A indústria automotiva em geral usa couro natural apenas nas áreas mais sujeitas à abrasão, como no assento e encosto do banco do motorista e do passageiro dianteiro. As demais partes costumam ser de couro sintético, como laterais, área posterior dos bancos e acabamento das portas.
Via de regra, o controle das fábricas é muito mais rigoroso que o do mercado paralelo. Por isso é mais seguro optar por esse tipo de revestimento quando se trata de acessório original – ou no máximo quando é instalado na concessionária e vem com garantia. Se resolver investir num revestimento colocado fora da autorizada, prefira o natural. Nesse caso, confira a parte traseira do material que será colocado no banco: ele tem aparência e toque aveludados, como se fosse camurça, diferentemente do sintético, que tem trama regular igual a um tecido.
Entre as características físicas do sintético de boa qualidade, percebe-se que ele é macio, flexível, tem textura igual à do couro animal, tem o mesmo cheiro e não apresenta o ressecamento característico do vinil. Ao ser dobrado com muita força, o couro legítimo mostra pequenas rugas, como até a pele humana apresenta. Já o artificial, seja bom ou seja ruim, não apresenta essas rugas. O sintético de baixa qualidade, porém, é brilhante, tem textura grosseira e é pouco agradável ao toque. Quanto mais “plastificado” e distante da aparência do couro animal, pior a qualidade do couro sintético. Ao longo do tempo, a durabilidade também costuma ser inferior.
O revestimento de couro, sintético ou animal, é sempre mais caro que o tecido, mas traz suas vantagens. O tecido é um material mais acessível e mais elástico que o couro, porém é mais difícil de limpar e está mais sujeito a cortes e a desfiar, além de não transmitir a mesma sensação de qualidade. No entanto, a disseminação do uso do couro sintético poderá, segundo os especialistas, até nivelar no futuro o preço ao do tecido. E com isso a escolha de ter couro ou não nos bancos não dependerá mais da capacidade do bolso e sim da vontade do cliente, como hoje é a cor do automóvel.
NO TEMPO DO VINIL
Os bancos revestidos de couro nasceram praticamente com os automóveis, no fim do século 19. Como a maioria dos veículos era aberta, o couro era o único material que resistia às variações do tempo. Henry Ford chegou a ter fazendas para produzir o couro do Modelo T, entre outros.
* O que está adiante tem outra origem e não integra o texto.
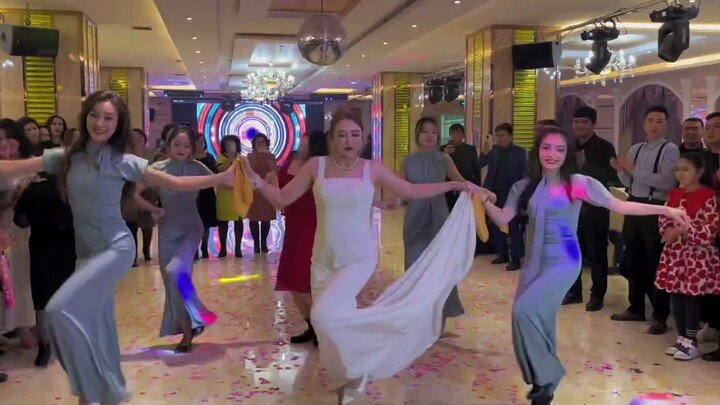 Uyghur wedding classic dance performance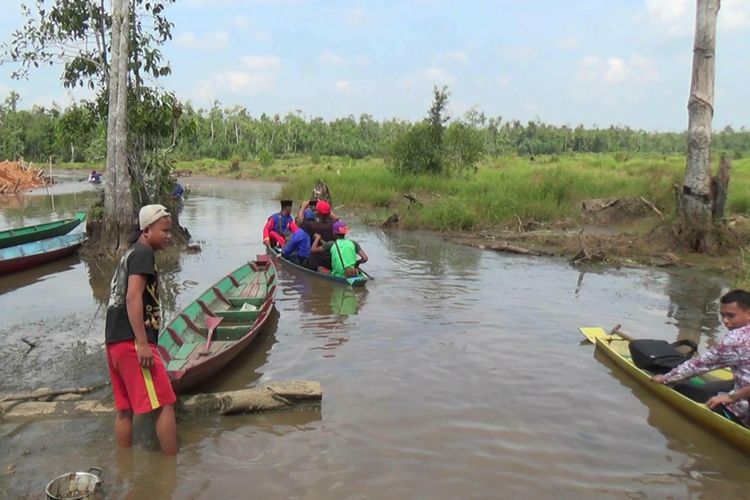 Perahu Kayu sebagai alat transportasi menuju Dusun Pangkalan Batu Bangka Selatan.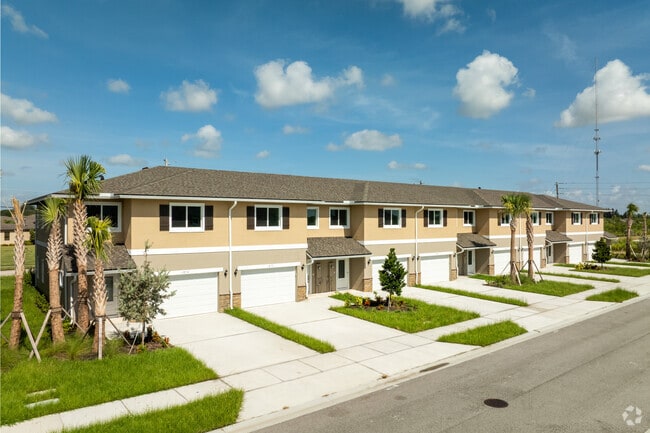 Building Photo - The Grove at Celebration Pointe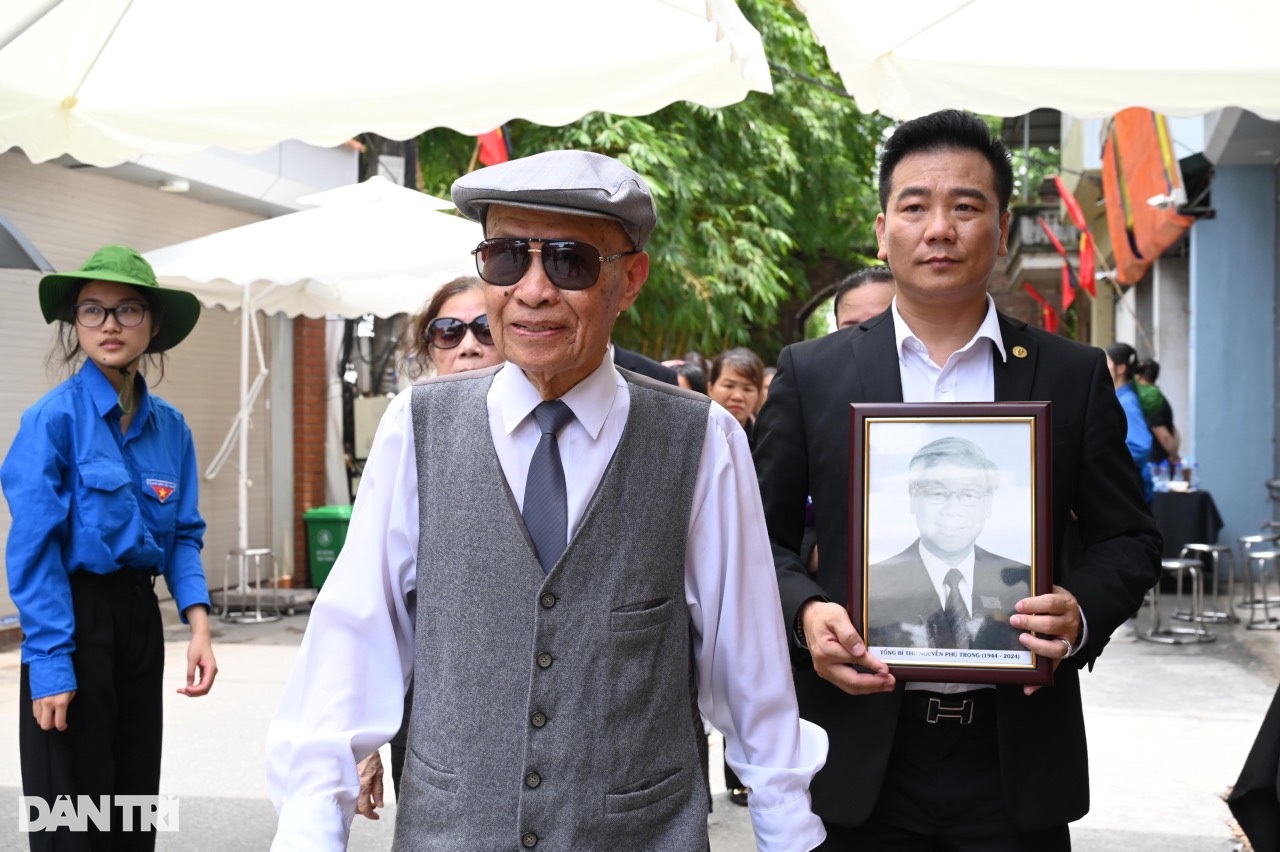 Người dân xếp hàng dài gần 2km ở Lại Đà để viếng Tổng Bí thư - 9 Người dân xếp hàng dài gần 2km ở Lại Đà để viếng Tổng Bí thư - 9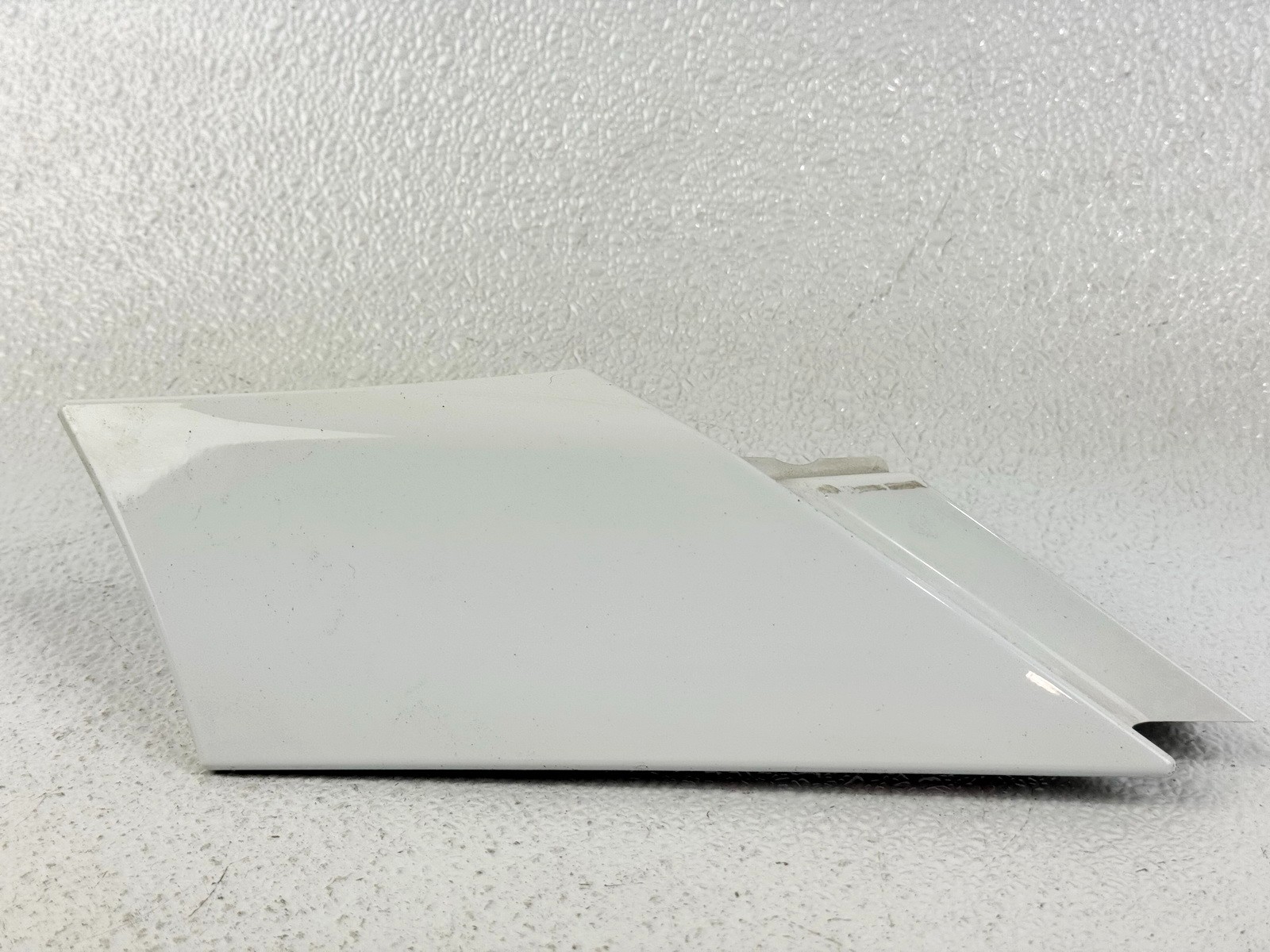 15-17 LAND ROVER DISCOVERY SPORT FRONT RIGHT RH SIDE FENDER MOLDING COVER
Era uma forma de controlar o preço no mercado – do contrário, dependeria do bom humor dos comerciantes de couro para outros objetos, como sapatos e roupas. Nos anos 1940 e 1950, o couro perdeu espaço nos bancos para as casimiras. Com o decorrer do tempo, os carros passaram a ser fechados com teto rígido e climatizados e, assim, a casimira passou a ser vista como mais nobre e inovadora que o couro. No Brasil, o Aero Willys 1962 saía de fábrica com banco inteiriço de couro. Porém os motoristas se queixavam que escorregavam muito nas curvas, pois ainda não existia o cinto de segurança. Depois houve predomínio do vinil, que era liso, brilhante e mais escorregadio, além de esquentar muito sob o sol, mas vinha com várias cores e tonalidades. A napa, um vinil de melhor qualidade, foi o primeiro produto com granulação parecida com a do couro e de maciez superior.
ARTIGO CARO
Não é qualquer couro artificial que tem um padrão de qualidade que possa ser confundido com sua versão animal. É o caso do MB-Tex da Mercedes-Benz (que o chama hoje de Artico) ou do Sensatec da BMW, que utilizam o material em seus modelos ou versões mais baratos. No caso da Mercedes, ele é usado desde antes dos anos 80 e há relatos de carros que mantêm até hoje a boa aparência.